I am trying to understand the proof of Lemma $3.1$ of the paper On Some of the Residual Properties of Finitely Generated Nilpotent Groups by Koberda. It states the following:

Let $N$ be a finitely generated torsion-free nilpotent group which is virtually abelian. Then $N$ is abelian.

The first step is to let $N' < N$ be a finite index normal subgroup which is abelian, but I'm not sure why such a subgroup exists. A group is virtually abelian if it has an abelian subgroup of finite index, but it doesn't necessarily have to be a normal subgroup does it?

If $G$ is a virtually abelian group, does it necessarily contain a finite index normal subgroup which is abelian?

If the answer is no, why does such a subgroup exist in this case?

Answer 1

$\newcommand{\Size}[1]{\left\lvert #1 \right\rvert}$Yes, the point being that if $A$ is a subgroup of finite index of a group $G$, then it will have a finite number of conjugates, as this is the finite index of $N_{G}(A)$ in $G$.

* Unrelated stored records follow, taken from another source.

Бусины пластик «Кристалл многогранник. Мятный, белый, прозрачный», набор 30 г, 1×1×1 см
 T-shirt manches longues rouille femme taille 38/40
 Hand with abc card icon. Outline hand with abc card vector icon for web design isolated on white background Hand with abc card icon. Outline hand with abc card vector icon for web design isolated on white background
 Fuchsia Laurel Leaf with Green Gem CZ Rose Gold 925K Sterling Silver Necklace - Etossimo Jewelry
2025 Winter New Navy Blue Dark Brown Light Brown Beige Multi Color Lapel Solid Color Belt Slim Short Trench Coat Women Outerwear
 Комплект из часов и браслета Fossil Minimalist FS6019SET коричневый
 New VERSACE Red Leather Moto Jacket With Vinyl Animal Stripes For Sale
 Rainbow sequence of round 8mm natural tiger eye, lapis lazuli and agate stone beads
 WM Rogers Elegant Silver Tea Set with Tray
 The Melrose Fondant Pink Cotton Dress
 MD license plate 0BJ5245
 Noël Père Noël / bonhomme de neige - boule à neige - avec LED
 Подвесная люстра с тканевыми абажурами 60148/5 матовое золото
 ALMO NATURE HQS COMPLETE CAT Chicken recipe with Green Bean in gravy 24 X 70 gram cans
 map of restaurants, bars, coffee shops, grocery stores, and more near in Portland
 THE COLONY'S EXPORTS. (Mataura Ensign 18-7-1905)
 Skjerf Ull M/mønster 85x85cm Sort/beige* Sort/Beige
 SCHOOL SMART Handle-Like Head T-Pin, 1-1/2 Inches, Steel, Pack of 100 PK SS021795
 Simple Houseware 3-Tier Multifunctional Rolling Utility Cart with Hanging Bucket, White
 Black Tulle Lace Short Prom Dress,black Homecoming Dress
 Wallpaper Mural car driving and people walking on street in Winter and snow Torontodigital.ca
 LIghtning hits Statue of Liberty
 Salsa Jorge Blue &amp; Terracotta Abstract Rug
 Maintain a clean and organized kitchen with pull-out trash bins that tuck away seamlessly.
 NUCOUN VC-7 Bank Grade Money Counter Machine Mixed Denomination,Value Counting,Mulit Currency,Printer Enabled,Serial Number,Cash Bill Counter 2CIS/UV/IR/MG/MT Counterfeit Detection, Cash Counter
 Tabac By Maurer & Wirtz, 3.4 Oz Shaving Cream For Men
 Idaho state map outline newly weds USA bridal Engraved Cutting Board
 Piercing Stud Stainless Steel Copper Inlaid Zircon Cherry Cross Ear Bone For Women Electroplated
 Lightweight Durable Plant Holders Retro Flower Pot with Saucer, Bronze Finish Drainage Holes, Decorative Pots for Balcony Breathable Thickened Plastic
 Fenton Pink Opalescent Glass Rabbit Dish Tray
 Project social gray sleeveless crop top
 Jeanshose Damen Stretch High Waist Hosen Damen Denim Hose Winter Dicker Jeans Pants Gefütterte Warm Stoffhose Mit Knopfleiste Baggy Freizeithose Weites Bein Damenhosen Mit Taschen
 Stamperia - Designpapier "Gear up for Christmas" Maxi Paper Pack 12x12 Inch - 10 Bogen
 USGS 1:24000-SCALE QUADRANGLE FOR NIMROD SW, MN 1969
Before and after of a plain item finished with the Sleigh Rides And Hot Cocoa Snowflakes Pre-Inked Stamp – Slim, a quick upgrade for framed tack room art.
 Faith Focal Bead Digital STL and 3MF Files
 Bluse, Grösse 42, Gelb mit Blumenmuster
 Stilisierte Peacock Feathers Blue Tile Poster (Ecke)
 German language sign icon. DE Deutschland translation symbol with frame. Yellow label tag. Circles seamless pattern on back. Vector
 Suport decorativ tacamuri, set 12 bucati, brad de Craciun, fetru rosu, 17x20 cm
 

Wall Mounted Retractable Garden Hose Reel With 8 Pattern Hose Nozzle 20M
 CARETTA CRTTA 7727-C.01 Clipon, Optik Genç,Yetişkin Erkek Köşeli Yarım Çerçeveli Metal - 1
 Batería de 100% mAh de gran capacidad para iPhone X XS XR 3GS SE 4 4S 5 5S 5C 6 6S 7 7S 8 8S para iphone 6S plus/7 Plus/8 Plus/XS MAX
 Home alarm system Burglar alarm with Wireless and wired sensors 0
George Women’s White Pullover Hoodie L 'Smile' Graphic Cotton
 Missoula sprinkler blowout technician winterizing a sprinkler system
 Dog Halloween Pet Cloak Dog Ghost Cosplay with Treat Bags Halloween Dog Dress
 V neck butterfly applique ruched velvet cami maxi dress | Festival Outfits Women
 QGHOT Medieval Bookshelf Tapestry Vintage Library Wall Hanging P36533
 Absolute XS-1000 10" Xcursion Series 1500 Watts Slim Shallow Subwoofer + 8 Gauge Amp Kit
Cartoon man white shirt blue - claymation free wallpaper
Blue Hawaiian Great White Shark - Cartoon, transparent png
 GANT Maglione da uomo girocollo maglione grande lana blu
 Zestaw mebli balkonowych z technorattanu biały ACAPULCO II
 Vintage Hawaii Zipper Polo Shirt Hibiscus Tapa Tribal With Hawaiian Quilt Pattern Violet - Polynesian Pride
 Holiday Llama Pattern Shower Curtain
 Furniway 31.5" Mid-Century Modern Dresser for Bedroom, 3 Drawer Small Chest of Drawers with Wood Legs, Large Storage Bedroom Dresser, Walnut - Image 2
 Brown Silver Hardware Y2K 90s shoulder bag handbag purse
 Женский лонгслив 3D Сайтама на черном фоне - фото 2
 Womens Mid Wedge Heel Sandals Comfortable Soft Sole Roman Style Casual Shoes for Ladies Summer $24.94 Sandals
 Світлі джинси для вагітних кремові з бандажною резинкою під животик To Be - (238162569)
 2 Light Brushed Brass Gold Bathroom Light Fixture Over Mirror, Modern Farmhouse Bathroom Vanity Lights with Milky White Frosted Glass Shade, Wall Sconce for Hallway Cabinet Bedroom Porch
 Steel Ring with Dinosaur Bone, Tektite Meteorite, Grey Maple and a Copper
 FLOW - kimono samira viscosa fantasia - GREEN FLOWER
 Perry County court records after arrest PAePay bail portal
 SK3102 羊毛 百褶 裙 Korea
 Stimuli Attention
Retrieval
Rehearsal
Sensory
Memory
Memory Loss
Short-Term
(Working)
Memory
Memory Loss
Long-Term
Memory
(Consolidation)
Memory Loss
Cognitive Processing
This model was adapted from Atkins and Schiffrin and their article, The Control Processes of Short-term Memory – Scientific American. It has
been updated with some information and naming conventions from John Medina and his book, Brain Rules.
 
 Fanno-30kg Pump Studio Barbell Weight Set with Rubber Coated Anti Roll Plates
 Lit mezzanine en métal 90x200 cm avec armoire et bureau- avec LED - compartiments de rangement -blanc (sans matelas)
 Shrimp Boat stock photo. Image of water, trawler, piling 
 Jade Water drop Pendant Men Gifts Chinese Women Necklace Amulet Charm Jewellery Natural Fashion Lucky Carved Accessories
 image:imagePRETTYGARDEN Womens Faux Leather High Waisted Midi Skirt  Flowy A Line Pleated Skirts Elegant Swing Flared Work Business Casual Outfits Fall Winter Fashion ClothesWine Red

Now the intersection of these conjugates is normal in $G$, and it has again finite index in $G$, because if $B, C$ are two subgroups of finite index, then $B \cap C$ also is, and actually $$ \Size{G : B \cap C} \le \Size{G : B} \cdot \Size{G : C}. $$ For the latter formula, one uses the fact that there is a bijection between the cosets of $B \cap C$ in $B$, and the cosets of $C$ in the (subset) $B C$. So that when the index of $C$ is finite, then there is a finite number of cosets of $C$ in $B C$, and thus $\Size{B : B \cap C}$ is finite, and at most $\Size{G : C}$.